William Kituuka Kiwanuka
Auditor General fails to acquire info on Aggreko
Posted Thursday, January 26 2012 at 00:00
In Summary
The power generator reportedly refused to provide information about its operations. The Auditor General’s attempts to review the power purchase agreements between the government and thermal power generator, Aggreko, have hit a snag with the latter refusing to provide information about its operations. Due to delays in commissioning Bujagali Dam, the government early this month extended Aggreko’s contract by three months, something that will earn the company Shs432 billion. Mr John Muwanga, the Auditor General, told Parliament’s Ad hoc Committee on Energy that despite several requests over a period of six months, the company did not honour requests to provide information. “Aggreko did not cooperate with my review,” said Mr Muwanga while appearing before the committee. Article 163 of the 1995 Constitution mandates the Office of the Auditor General (OAG) to conduct financial and value for money audits in respect to any projects involving public funds. The AG in September started a review of the energy sector to assess the extent to which the objectives of the energy sector reforms have been achieved and is expected to submit its findings to Parliament. He said it was ‘poor planning’ to extend the first two contracts with Aggreko by three years each instead of one six-year contract. “If the licences had been for [a] six-year duration, the tariff would have been lower,” said Mr Muwanga.
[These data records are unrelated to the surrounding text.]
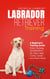 Labrador Retriever Training: A Beginner’s Training Guide - Potty Training, Socialization, Sit, Stay, Heel, Come, Leash, and Much More - Smart Dog Training, #2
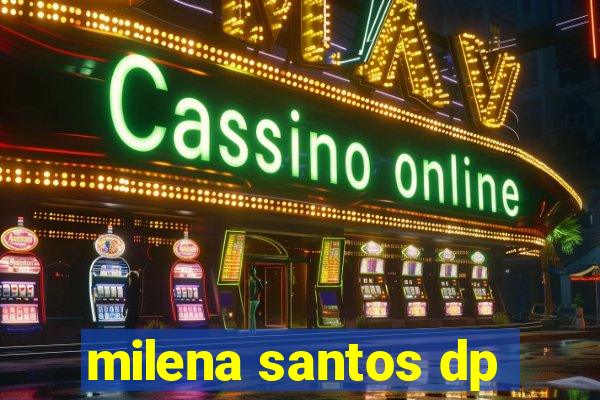 milena santos dp
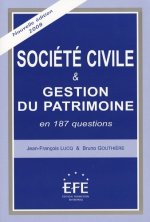 Société civile & gestion du patrimoine en 187 questions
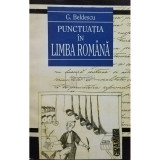 G. Beldescu - Punctuatia in limba romana (editia 1997)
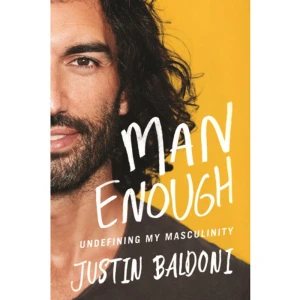 Man Enough (inbunden, eng) - A GRIPPING, FEARLESS EXPLORATION OF MASCULINITYThe effects of traditionally defined masculinity have become one of the most prevalent social issues of our time. In this engaging and provocative new book, beloved actor, director, and social activist Justin Baldoni reflects on his own struggles with masculinity. With insight and honesty, he explores a range of difficult, sometimes uncomfortable topics including strength and vulnerability, relationships and marriage, body image, sex and sexuality, racial justice, gender equality, and fatherhood.Writing from experience, Justin invites us to move beyond the scripts we've learned since childhood and the roles we are expected to play. He challenges men to be brave enough to be vulnerable, to be strong enough to be sensitive, to be confident enough to listen. Encouraging men to dig deep within themselves, Justin helps us reimagine what it means to be man enough and in the process what it means to be human.    Format Inbunden   Omfång 344 sidor   Språk Engelska   Förlag Harper Collins USA   Utgivningsdatum 2021-04-29   ISBN 9780063055599  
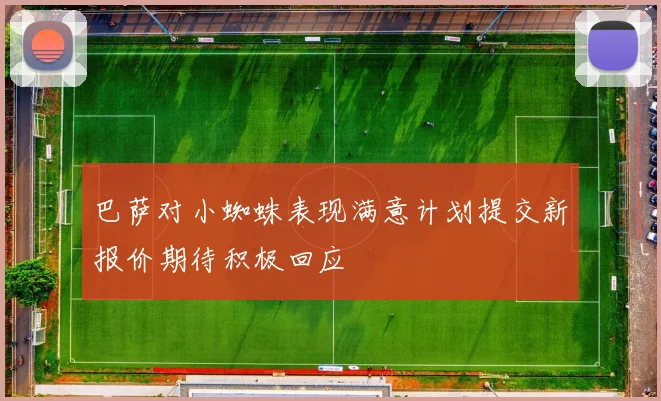 巴萨对小蜘蛛表现满意计划提交新报价期待积极回应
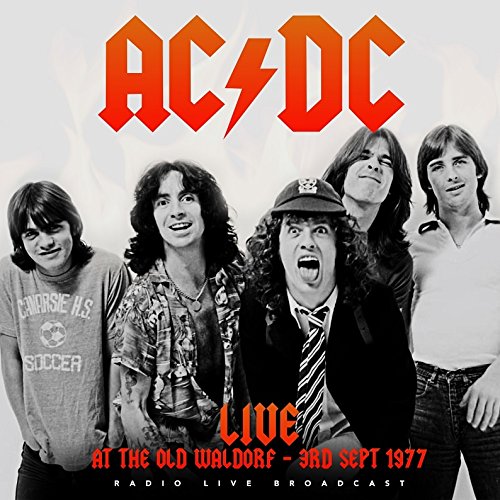 AC/DC Live At The Waldorf: San Francisco, Sept. 3rd 1977 [Import]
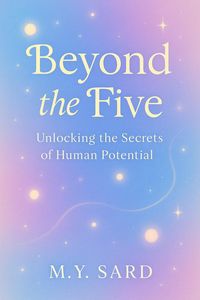 Produktbild: Beyond The Five. Unlocking the Secrets of Human Potential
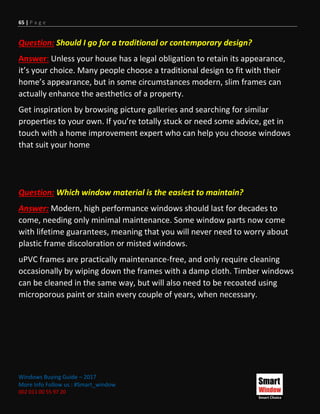 65 | P a g e
Windows Buying Guide – 2017
More Info Follow us : #Smart_window
002 011 00 55 97 20
Question: Should I go for a traditional or contemporary design?
Answer: Unless your house has a legal obligation to retain its appearance,
it’s your choice. Many people choose a traditional design to fit with their
home’s appearance, but in some circumstances modern, slim frames can
actually enhance the aesthetics of a property.
Get inspiration by browsing picture galleries and searching for similar
properties to your own. If you’re totally stuck or need some advice, get in
touch with a home improvement expert who can help you choose windows
that suit your home
Question: Which window material is the easiest to maintain?
Answer: Modern, high performance windows should last for decades to
come, needing only minimal maintenance. Some window parts now come
with lifetime guarantees, meaning that you will never need to worry about
plastic frame discoloration or misted windows.
uPVC frames are practically maintenance-free, and only require cleaning
occasionally by wiping down the frames with a damp cloth. Timber windows
can be cleaned in the same way, but will also need to be recoated using
microporous paint or stain every couple of years, when necessary.
 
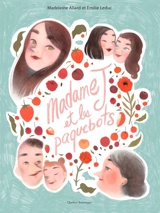 Madame J. et les paquebots - Madeleine Allard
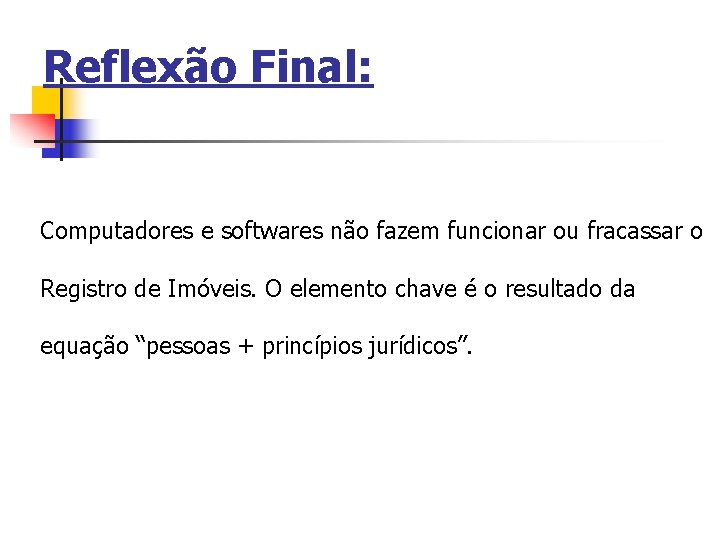 Reflexão Final: Computadores e softwares não fazem funcionar ou fracassar o Registro de Imóveis.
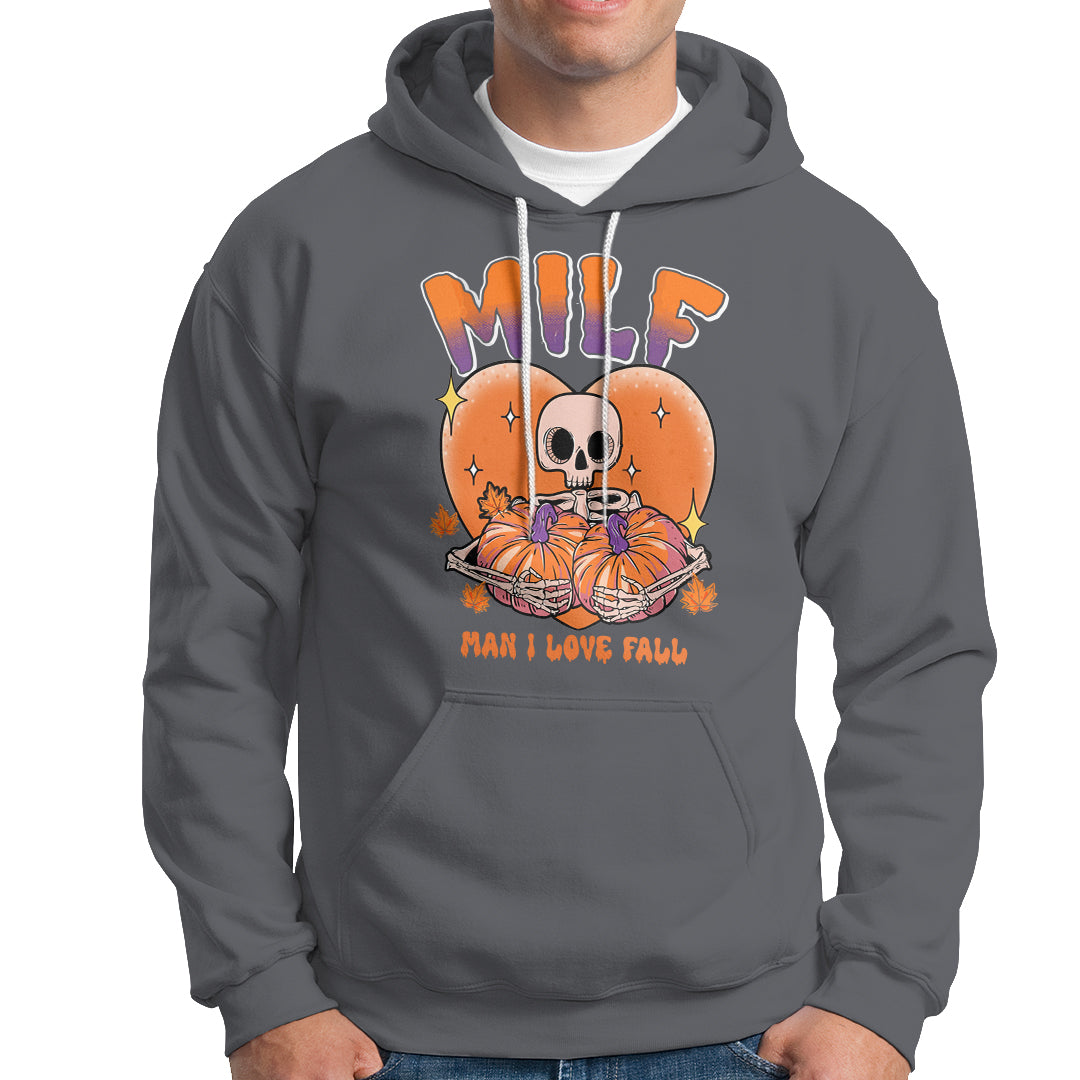 fall-vibes-hoodie-milf-man-i-love-fall-funny-spooky-skeleton-pumpkin-halloween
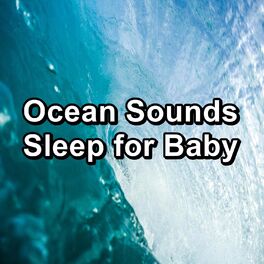 Album cover of Ocean Sounds Sleep for Baby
The AG’s attempts to locate the physical address of Aggreko and its shareholders have also been taxing because its (Aggreko) office on Kampala Road ‘could not be located’ and as a result the AG office was referred to Dubai.
Brief case company
Mr Simon Mulongo, Bubulo East MP (NRM), said Aggreko ‘could be a briefcase company’. Mr Anthony Kimuli, an official from the OAG, said they would turn to the Registrar of Companies to establish the shareholders of Aggreko. The Senior Legal Counsel in the OAG, Ms Caroline Banabana, said Parliament should amend the Companies Act so as to give the Auditor General power to audit private firms. “We wouldn’t want a situation where we audit a private company and later be sued for acting beyond our powers,” said Ms Banabana. However, Ms Ann Maria Nankabirwa, MP for Kyankwanzi (NRM), said since such private firms are doing business with the government, it does not require amendment of the law, adding that the OAG is supposed to protect the interests of the government.